Mallinckrodt Institute of Radiology (MIR) serves as the eye of medicine, helping to guide the consulting physician in the discovery, treatment, and, ultimately, the healing of disease.
Combining innovative research and human expertise, Mallinckrodt Institute focuses its vision on the body’s interior, scanning the landscape for danger. The medical insight gained provides information often essential in diagnosing and treating ailments as routine as a simple fracture and as life-threatening as a malignant tumor.
Established in 1930, Mallinckrodt Institute of Radiology is one of the most scientifically sophisticated radiological centers in the world. Internationally recognized for its groundbreaking research - from the development of the first diagnostic test for gallbladder disease to the current development of functional maps of the brain’s sensory and language centers - the Institute continues to pioneer new radiological techniques for better patient care.

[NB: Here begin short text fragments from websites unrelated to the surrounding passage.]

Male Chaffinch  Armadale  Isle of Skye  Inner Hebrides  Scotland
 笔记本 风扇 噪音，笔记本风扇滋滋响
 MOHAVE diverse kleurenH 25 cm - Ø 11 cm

Mallinckrodt Institute is an integral part of the Washington University School of Medicine - serving as the school’s Department of Radiology - and the BJC Health System. MIR contributes to and shares in their long traditions of excellence. The Institute ocupies more than 400,000 total square feet, comprising its own 13-story building with satellite facilities in Barnes-Jewish, Barnard, St. Louis Children’s and Wohl Hospitals; the Clinical Science Research, Forest Park and East Buildings; and the Scott Avenue Imaging Center. The Department provides diagnostic radiology, nuclear medicine, radiation physics and radiation oncology services for all hospitals in the Washington University Medical Center, Barnes-Jewish Hospital West County and Barnes-Jewish Hospital St. Peters.

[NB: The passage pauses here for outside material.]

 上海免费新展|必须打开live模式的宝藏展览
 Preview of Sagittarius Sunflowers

Ranked among the premier medical schools in the world, Washington University School of Medicine boasts one of the nation’s finest faculties. Twelve current faculty members have been elected to the prestigious National Academy of Sciences, and 19 are members of the Academy’s Institute of Medicine - two of the highest honors accorded scientists in the United States. In addition, 14 Nobel laureates have been associated with the School.
MIR’s acknowledged standing as a radiological leader in turn enhances the reputation of the Washington University Medical Center. More than 50 chairs of academic radiology departments in the United States received thier training or taught at the Institute. Mallinckrodt Insitute alumni practice in 48 states and in 25 foreign countries. Grant support for the Institute, which comprises nearly 90 research projects, totals over $12 million a year, and the faculty publish a total of more than 200 scientific articles annually.
Committed to providing the finest services possible, Mallinckrodt Institute continually strives to improve its radiological sight. The unique accomplishments of the Institute of Radiology attest to its ongoing efforts to sharpen the vision of the eye of medicine.
Positron emission tomography (PET) was developed at Mallinckrodt Institute in the 1970’s, and the Institute continues to set the pace in PET technology. Today, the Institute is the world’s only medical institution equipped with two dedicated cyclotrons and a Tandem Cascade Accelerator for the production of radiopharmaceuticals used in PET studies. Computed tomography (CT), magnetic resonance imaging (MRI), digital radiology, and other sophisticated technologies serve Mallinckrodt Institute’s patients and physicians. The Institute is a leader in the development of new isotopes for nuclear medicine, specialized treatment planning, and three-dimensional image reconstructions.
One of the best equipped multidisciplinary facilities worldwide, Mallinckrodt Institute of Radiology at Washington University Imaging Center is dedicated to research in PET, MRI, and related sciences. The Imaging Center provides centralized resources for the scientific technology and for the development and application of advanced imaging systems.
The professional activities of the Institute are organized into four divisions: Diagnostic Radiology, Radiation Oncology, Nuclear Medicine, and Radiation Sciences. Further, the Division of Diagnostic Radiology is subdivided into seven sections: abdominal, breast imaging, chest, vascular and interventional, musculoskeletal, neuroradiology, and pediatric.